Beck's bookshelf is packed with titles ranging from the History of the Peloponnesian War to the 9/11 Commission Report. He can quote Clausewitz and Sun Tsu in regular conversation.

But he never strays far from his roots.

Born in Sand Springs, Okla., he still pronounces his home state "O-koma." He'll describe another Marine's muscles as "hard as a woodpecker's lips," and when he wants something done with precision, he'll require his troops to get it "down to the gnat's ass."

His car radio is eternally tuned to country stations because, he insists, "a day without country music is like a day without sunshine."

It's an Everyman quality that can't be faked, one that has become a crucial component in helping the families of fallen Marines.

After receiving that first call last fall, Beck grabbed for a thick, acronym-studded manual, The Casualty Assistance Calls Officer's (CACO) Guide. It offered only the basics:

"In cases of death, the following is suggested and may be modified as follows," it reads, in part.

"The Commandant of the Marine Corps has entrusted me to express his deep regret that your (relationship), (name), (died/was killed in action) in (place of incident), (city/state or country) on (date). (State the circumstances). The Commandant extends his deepest sympathy to you and your family in your loss."
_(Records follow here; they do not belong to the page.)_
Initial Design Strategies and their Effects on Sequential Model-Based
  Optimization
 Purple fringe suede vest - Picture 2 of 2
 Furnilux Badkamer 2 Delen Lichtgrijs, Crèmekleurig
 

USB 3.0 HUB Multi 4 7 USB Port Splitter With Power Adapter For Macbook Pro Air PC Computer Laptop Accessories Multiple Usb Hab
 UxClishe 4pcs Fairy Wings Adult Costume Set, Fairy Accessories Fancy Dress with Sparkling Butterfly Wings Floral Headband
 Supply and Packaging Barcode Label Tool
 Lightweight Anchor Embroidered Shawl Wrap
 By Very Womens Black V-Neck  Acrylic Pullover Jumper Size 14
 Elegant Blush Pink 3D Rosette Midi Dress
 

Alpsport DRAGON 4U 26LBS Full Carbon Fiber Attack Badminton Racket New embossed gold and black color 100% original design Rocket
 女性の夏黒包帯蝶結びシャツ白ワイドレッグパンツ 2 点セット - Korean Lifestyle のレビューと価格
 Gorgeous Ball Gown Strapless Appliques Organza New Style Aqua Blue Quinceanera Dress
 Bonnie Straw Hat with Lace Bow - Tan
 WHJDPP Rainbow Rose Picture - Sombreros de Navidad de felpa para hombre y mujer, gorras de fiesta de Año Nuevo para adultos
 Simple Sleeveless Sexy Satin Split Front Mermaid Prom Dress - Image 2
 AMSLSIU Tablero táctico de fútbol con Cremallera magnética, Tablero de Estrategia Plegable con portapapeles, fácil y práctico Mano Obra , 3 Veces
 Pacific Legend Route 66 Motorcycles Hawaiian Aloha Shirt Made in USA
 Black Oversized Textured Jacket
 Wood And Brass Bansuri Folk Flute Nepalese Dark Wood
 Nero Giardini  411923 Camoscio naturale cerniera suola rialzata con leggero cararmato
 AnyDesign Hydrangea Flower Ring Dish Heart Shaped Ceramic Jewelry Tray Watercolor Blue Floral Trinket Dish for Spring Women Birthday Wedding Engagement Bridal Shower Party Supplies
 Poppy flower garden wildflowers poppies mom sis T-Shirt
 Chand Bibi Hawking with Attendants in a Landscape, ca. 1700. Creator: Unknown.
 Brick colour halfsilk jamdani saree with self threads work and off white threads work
When he began the job as site commander at Marine Air Control Squadron 23, Beck knew that death notification was a possibility. The previous commander already had supervised three funerals in the region that includes Colorado and parts of Wyoming, Kansas, South Dakota and Nebraska.

Until that first call, however, Beck had plenty of other worries.

From their base among the top-secret radar installations at Buckley, Beck and his Marines are highly trained to support aircraft and missile operations. They also are continually training Marine Reservists and sending them to Iraq.

Since the beginning of the war, the Marines stationed at Buckley have made 19 notifications following the deaths of active-duty Marines. Fifteen of those were killed in action in Iraq and four died in stateside traffic accidents.

Beck personally has notified five families, but even when he isn't the one who delivers the message, he is involved.

Before leaving on his first notification, Beck asked for advice from two men in another branch of the service.

"One of the first things they said was, 'Don't embrace them. If they embrace you, keep your distance,'" he said, shaking his head.

"I didn't have much use for them."

No fork in the road

Different services have different guidelines for notification. In the Army, one officer is responsible for the knock, while another steps in to handle the aftercare.

In the Marines, the same person who knocks on the door is the family's primary contact for the next year or more.

There is no group of Marines whose primary task is death notification. Just as every Marine is a rifleman - expected to be able to handle a weapon and head to the front if tapped - any officer also may be called to make the walk to the door.

For Beck, that door is the "LOD" - the line of departure. The point of no return.

After all of the racing, all of the frantic scramble, it's the point where time freezes.

"Once I get to the porch, I stand there and take a deep breath. At that point, you can wait 10 seconds, wait 30 seconds, wait an hour - it's not going to go away," he said.

"There's no option. There's no fork in the road. You just stare down that straight path. You step up because there is no fork.

"I pick myself up, gather my thoughts and ring the bell."